- Your task: An exact copy of the data is required, with no pictures in it.

- Supplied data:
------------------------------------

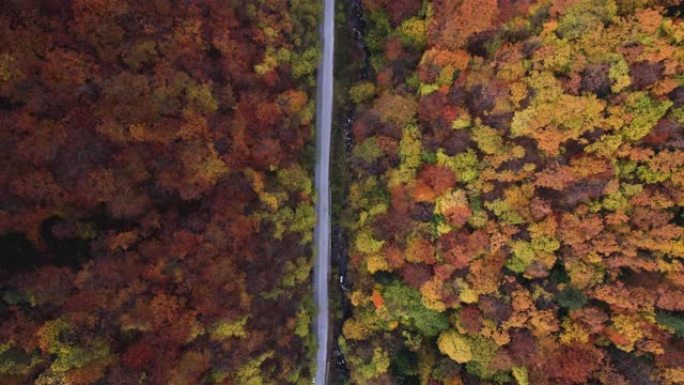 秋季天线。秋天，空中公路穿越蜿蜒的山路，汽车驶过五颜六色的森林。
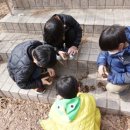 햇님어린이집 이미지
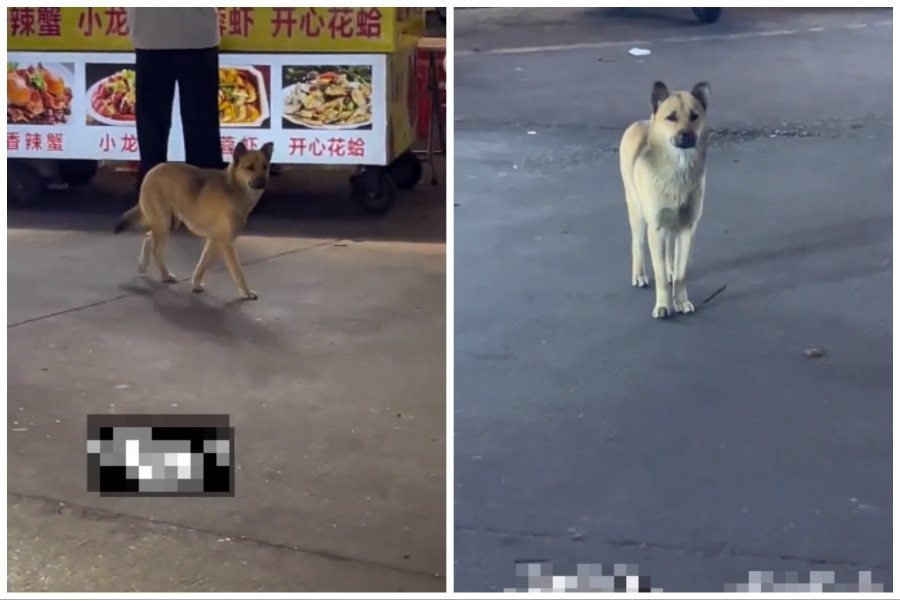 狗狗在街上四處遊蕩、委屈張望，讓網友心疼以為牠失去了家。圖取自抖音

------------------------------------

- Answer to the exercise:
 秋季天线。秋天，空中公路穿越蜿蜒的山路，汽车驶过五颜六色的森林。
 햇님어린이집 이미지
 狗狗在街上四處遊蕩、委屈張望，讓網友心疼以為牠失去了家。圖取自抖音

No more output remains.